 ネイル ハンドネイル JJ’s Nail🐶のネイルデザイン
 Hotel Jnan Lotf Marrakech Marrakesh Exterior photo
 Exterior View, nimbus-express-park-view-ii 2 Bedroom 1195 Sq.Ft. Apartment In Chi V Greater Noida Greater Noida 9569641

...

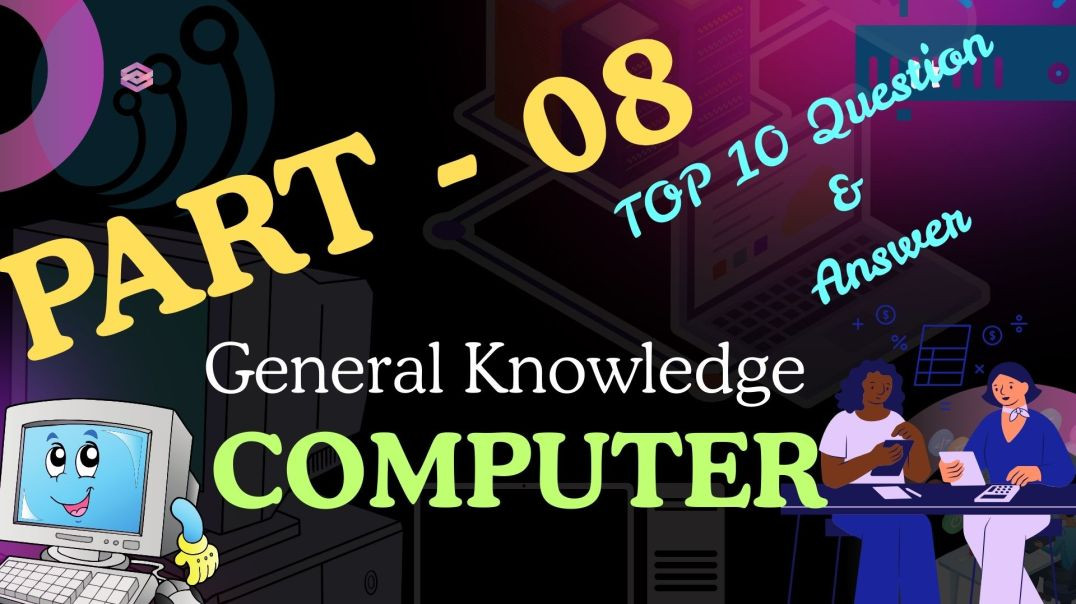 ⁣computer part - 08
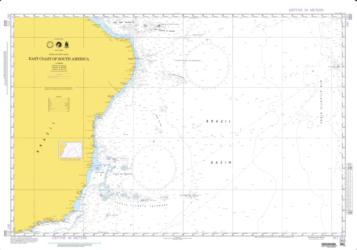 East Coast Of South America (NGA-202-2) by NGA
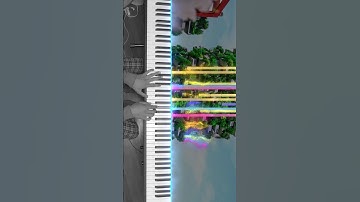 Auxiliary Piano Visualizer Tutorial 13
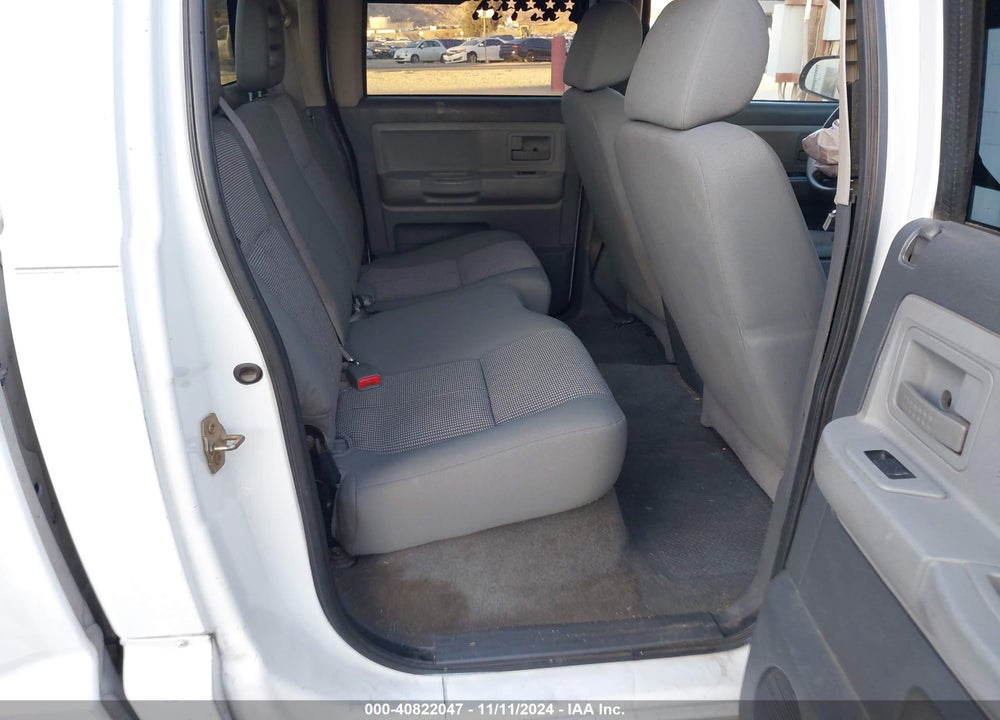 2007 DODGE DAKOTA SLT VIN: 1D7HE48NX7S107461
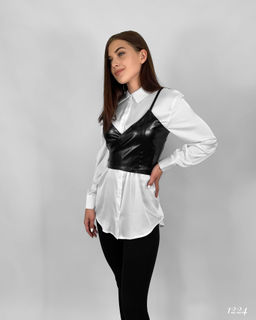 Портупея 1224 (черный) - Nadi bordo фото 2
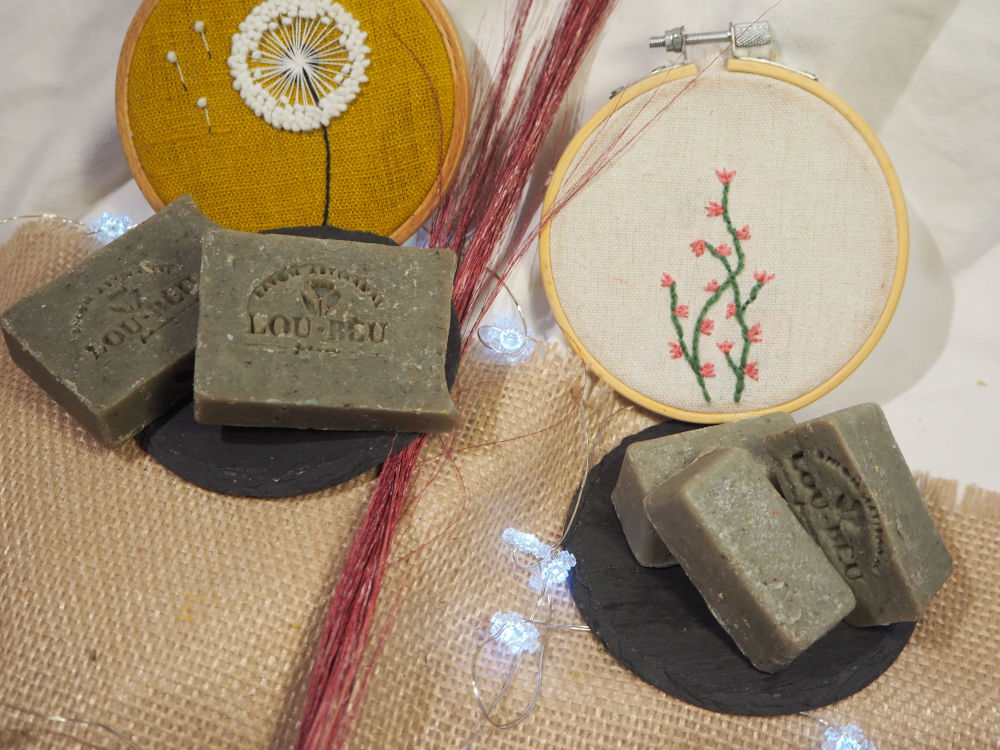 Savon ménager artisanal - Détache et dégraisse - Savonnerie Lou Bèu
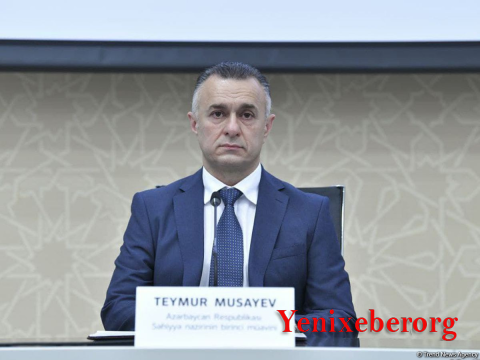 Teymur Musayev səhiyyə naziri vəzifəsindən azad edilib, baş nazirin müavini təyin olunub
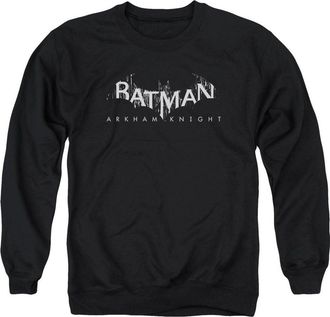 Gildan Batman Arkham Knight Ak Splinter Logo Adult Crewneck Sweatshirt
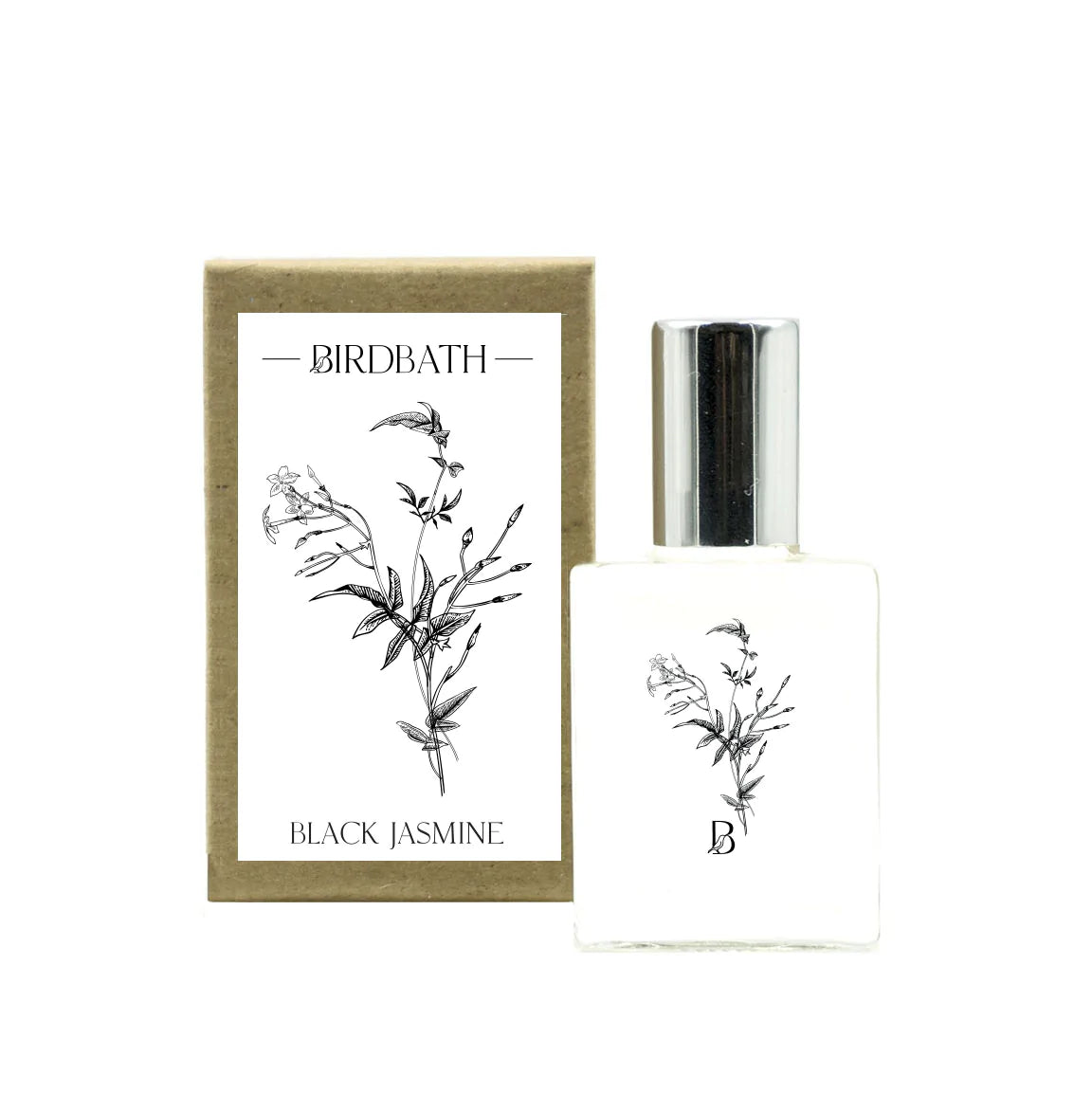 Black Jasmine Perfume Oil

==

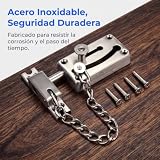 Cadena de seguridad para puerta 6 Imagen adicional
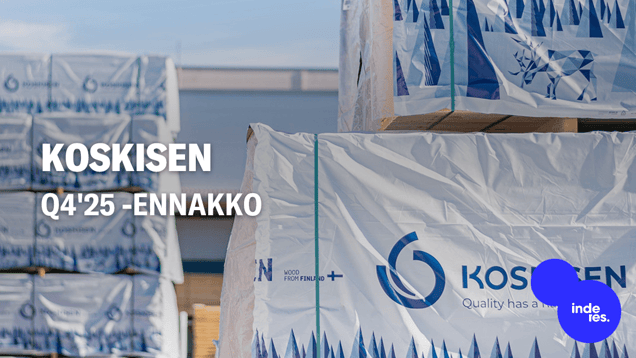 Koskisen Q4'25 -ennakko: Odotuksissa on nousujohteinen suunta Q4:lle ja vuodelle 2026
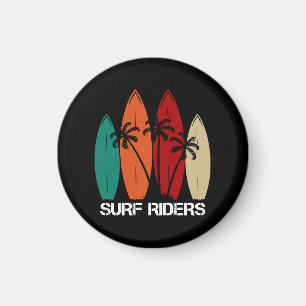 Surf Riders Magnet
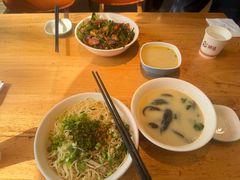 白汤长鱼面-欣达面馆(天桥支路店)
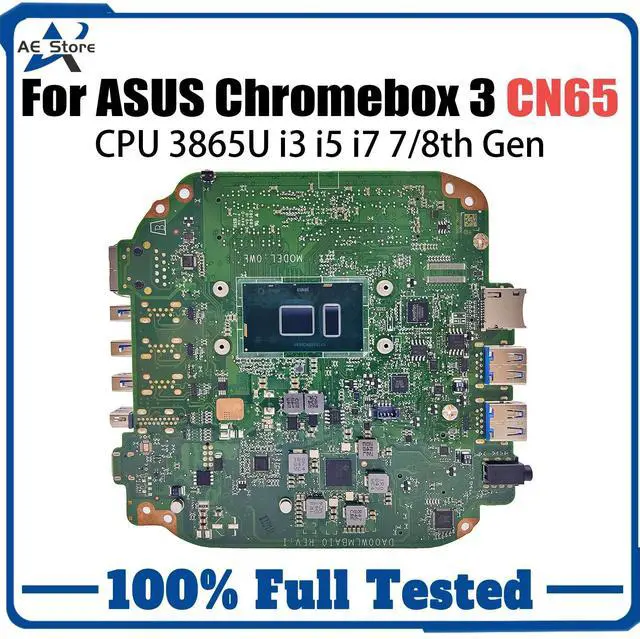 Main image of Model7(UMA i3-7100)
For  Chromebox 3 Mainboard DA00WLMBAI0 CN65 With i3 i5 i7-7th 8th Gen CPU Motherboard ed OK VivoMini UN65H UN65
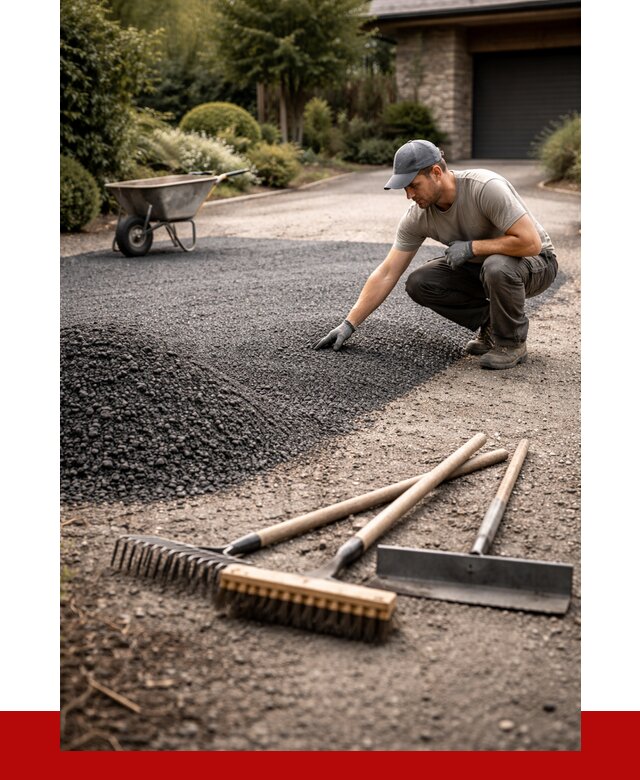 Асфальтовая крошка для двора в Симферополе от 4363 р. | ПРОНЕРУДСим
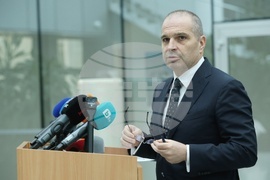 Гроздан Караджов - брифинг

ASSIGNED TASK » Look above for the line containing "Main image of Model7(UMA i3-7100)", then write out every line from there down to the line containing "Гроздан Караджов - брифинг", that line included, with no pictures.

TASK OUTPUT »
 Main image of Model7(UMA i3-7100)
For  Chromebox 3 Mainboard DA00WLMBAI0 CN65 With i3 i5 i7-7th 8th Gen CPU Motherboard ed OK VivoMini UN65H UN65
 Асфальтовая крошка для двора в Симферополе от 4363 р. | ПРОНЕРУДСим
 Гроздан Караджов - брифинг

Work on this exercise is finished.